# GREASE for Fisher Plow Pins



## gwhayduke (Dec 8, 2018)

I need to know what grease you all use in below freezing weather on the pins that mount the plow to the truck. 

Thanks,
Bill


----------



## cwren2472 (Aug 15, 2014)

White lithium spray is what we use


----------



## gwhayduke (Dec 8, 2018)

Wow that was fast. Thank you VERY much


----------



## dieselss (Jan 3, 2008)

What's in the grease gun.


----------



## NewEnglandSteelersFan (Nov 26, 2017)

Fluid Film


----------



## SilverPine (Dec 7, 2018)

I use the Lucas heavy duty grease for cold temp. I'm sure any grease will do if you replace often enough.

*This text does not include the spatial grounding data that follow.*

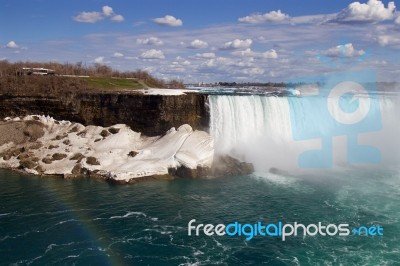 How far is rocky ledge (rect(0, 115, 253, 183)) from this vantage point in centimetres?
3975

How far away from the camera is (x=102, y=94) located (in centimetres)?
5012

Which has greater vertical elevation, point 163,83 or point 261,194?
point 163,83

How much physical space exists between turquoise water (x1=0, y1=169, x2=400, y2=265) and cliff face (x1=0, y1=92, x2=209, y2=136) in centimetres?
1073

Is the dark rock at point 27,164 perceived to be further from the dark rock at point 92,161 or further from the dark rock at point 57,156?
the dark rock at point 92,161

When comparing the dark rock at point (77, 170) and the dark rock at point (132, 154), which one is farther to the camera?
the dark rock at point (132, 154)

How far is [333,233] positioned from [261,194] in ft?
28.0

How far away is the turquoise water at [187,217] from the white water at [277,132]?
5.72m

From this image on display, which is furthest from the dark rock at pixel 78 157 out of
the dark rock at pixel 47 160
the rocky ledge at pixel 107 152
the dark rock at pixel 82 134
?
the dark rock at pixel 82 134

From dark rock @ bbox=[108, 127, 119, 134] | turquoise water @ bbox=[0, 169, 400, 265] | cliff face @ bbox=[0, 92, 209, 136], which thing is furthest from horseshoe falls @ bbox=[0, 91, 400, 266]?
dark rock @ bbox=[108, 127, 119, 134]

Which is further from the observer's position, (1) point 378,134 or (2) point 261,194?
(1) point 378,134

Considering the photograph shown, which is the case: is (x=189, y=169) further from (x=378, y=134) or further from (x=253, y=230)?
(x=378, y=134)

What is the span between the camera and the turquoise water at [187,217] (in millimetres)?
22531

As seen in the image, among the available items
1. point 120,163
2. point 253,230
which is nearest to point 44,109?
point 120,163

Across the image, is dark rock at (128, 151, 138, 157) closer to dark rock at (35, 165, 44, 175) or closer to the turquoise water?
the turquoise water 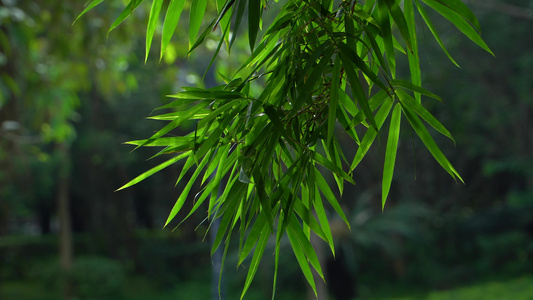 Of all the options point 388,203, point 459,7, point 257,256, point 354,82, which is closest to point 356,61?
point 354,82

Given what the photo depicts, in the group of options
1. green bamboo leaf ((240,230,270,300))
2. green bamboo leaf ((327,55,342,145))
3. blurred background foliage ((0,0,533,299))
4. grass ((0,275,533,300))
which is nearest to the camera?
green bamboo leaf ((327,55,342,145))

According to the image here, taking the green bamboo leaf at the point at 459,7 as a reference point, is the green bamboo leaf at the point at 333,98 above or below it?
below

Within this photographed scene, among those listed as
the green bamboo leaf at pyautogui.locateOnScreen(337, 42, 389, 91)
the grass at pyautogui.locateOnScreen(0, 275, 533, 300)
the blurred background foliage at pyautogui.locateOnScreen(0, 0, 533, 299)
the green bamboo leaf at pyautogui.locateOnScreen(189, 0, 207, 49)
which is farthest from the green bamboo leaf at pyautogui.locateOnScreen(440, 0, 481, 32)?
the grass at pyautogui.locateOnScreen(0, 275, 533, 300)

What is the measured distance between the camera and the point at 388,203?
8.04 m

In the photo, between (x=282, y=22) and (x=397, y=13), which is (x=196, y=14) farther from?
(x=397, y=13)

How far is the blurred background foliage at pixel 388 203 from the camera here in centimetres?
696

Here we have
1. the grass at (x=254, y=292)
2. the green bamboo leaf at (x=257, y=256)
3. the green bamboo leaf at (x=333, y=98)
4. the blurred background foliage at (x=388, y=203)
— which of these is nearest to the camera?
the green bamboo leaf at (x=333, y=98)

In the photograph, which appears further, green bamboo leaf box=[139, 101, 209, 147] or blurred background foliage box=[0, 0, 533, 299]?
blurred background foliage box=[0, 0, 533, 299]

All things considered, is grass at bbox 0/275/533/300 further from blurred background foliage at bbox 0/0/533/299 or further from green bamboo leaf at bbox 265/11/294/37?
green bamboo leaf at bbox 265/11/294/37

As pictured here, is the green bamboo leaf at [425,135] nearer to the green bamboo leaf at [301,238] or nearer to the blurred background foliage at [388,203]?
the green bamboo leaf at [301,238]

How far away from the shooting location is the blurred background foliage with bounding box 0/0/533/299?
22.9 ft

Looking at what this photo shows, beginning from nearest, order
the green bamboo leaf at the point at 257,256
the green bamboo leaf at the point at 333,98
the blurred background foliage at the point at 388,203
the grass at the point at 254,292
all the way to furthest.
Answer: the green bamboo leaf at the point at 333,98
the green bamboo leaf at the point at 257,256
the grass at the point at 254,292
the blurred background foliage at the point at 388,203

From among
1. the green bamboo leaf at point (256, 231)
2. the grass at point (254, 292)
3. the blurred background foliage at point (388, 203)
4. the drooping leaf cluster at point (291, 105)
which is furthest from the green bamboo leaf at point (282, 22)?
the grass at point (254, 292)

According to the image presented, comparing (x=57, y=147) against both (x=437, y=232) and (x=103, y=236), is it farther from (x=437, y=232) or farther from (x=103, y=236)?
(x=437, y=232) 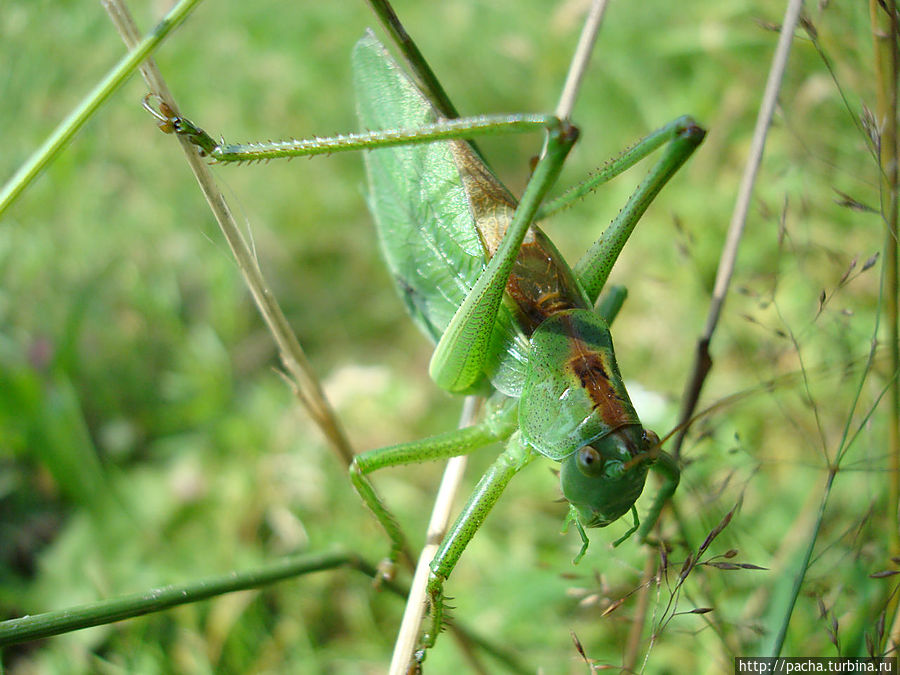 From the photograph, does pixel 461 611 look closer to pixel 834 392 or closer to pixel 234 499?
pixel 234 499

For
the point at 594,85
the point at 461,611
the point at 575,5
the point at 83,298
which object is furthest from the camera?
the point at 594,85

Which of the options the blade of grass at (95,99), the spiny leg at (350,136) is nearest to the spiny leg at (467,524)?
the spiny leg at (350,136)

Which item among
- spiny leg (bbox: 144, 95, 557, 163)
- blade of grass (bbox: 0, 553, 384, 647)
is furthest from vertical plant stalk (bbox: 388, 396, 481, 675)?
spiny leg (bbox: 144, 95, 557, 163)

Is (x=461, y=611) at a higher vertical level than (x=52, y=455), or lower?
lower

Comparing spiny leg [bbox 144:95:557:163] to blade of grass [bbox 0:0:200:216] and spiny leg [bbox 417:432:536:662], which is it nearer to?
blade of grass [bbox 0:0:200:216]

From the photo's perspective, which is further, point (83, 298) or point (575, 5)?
point (575, 5)

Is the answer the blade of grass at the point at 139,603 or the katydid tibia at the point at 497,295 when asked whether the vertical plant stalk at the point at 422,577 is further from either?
the blade of grass at the point at 139,603

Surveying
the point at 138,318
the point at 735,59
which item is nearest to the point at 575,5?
the point at 735,59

Doesn't hurt to coat it all in lithium after.


----------



## NYH1 (Jan 10, 2009)

Welcome aboard! :clapping: 

My dealer suggested Red Lithium Grease or Red Lithuanian Grease as I call it to drive my dad and son crazy.  Seems to work pretty well. 

NYH1.


----------



## icudoucme (Dec 3, 2008)

Castle Endura heavy duty
Or Castle muscle grease. Both are the best spray on greases I have found and adhere in cold or wet conditions.


----------



## scottr (Oct 10, 2013)

I use Mobile one synthetic or Big Foot. Big foot is not cold weather rated, but lasts longer than any grease Ive ever used.


----------